#### [PROBLEM STATEMENT]
The copy should hold exactly the lines below from the one that contains "Artist Signed Oswald" through the one that contains "Braun - Ø 32 cm" and nothing else, so no pictures.

#### [DATASET]
####

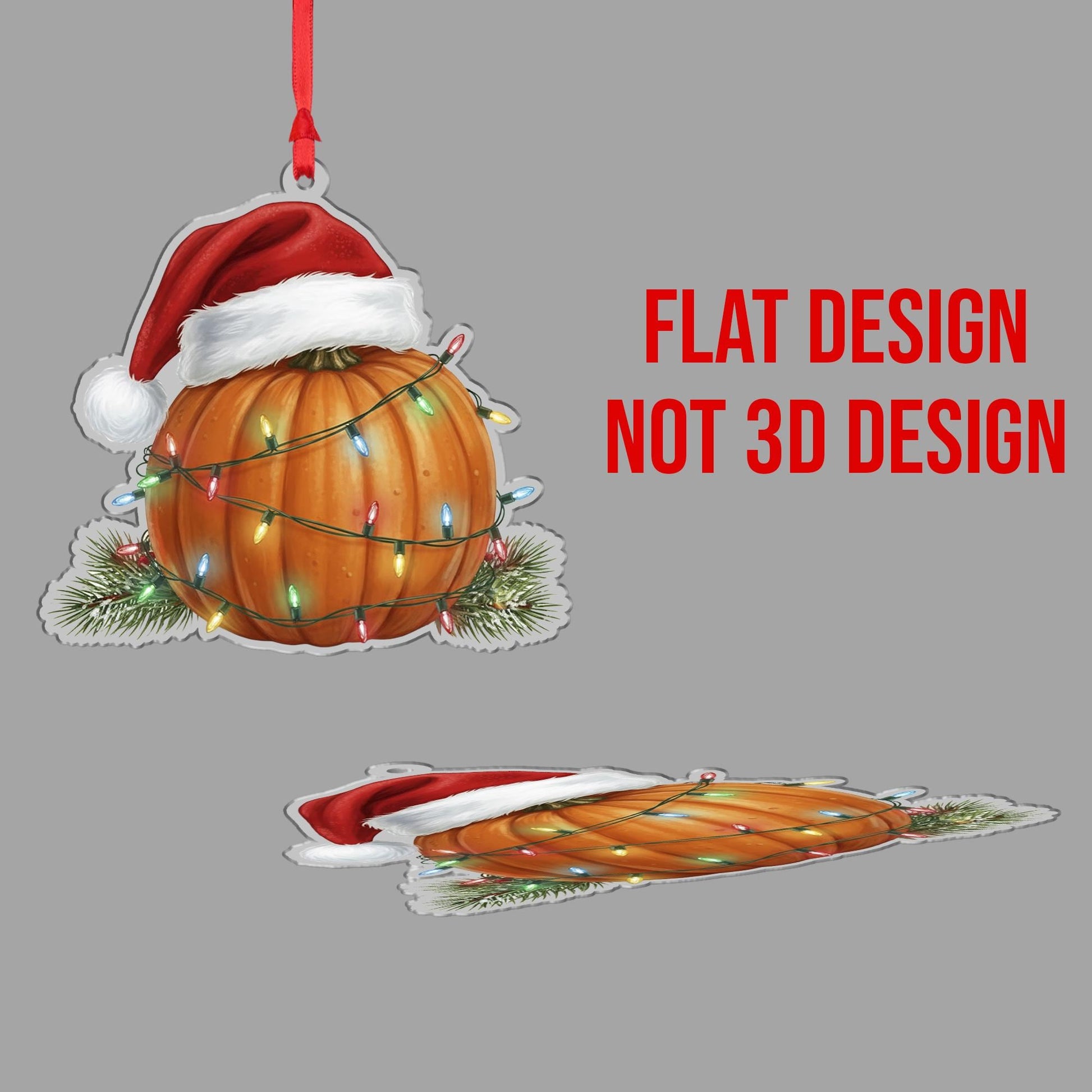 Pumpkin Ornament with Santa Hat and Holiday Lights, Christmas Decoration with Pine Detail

####

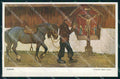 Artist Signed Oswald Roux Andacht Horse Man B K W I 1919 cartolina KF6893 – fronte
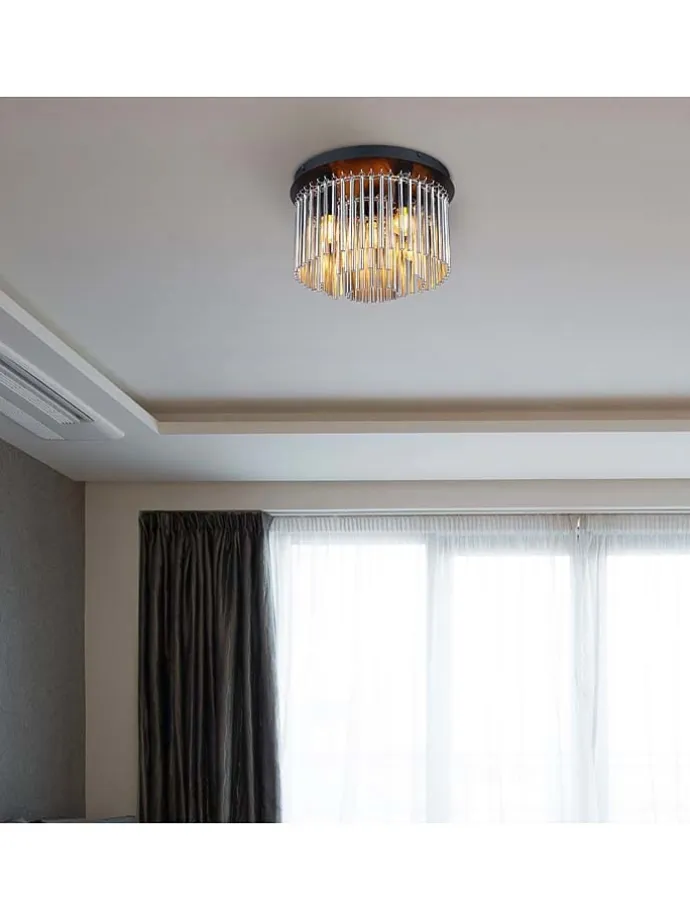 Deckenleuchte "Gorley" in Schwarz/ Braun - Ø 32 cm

####

#### [YOUR RESPONSE]
 Artist Signed Oswald Roux Andacht Horse Man B K W I 1919 cartolina KF6893 – fronte
 Deckenleuchte "Gorley" in Schwarz/ Braun - Ø 32 cm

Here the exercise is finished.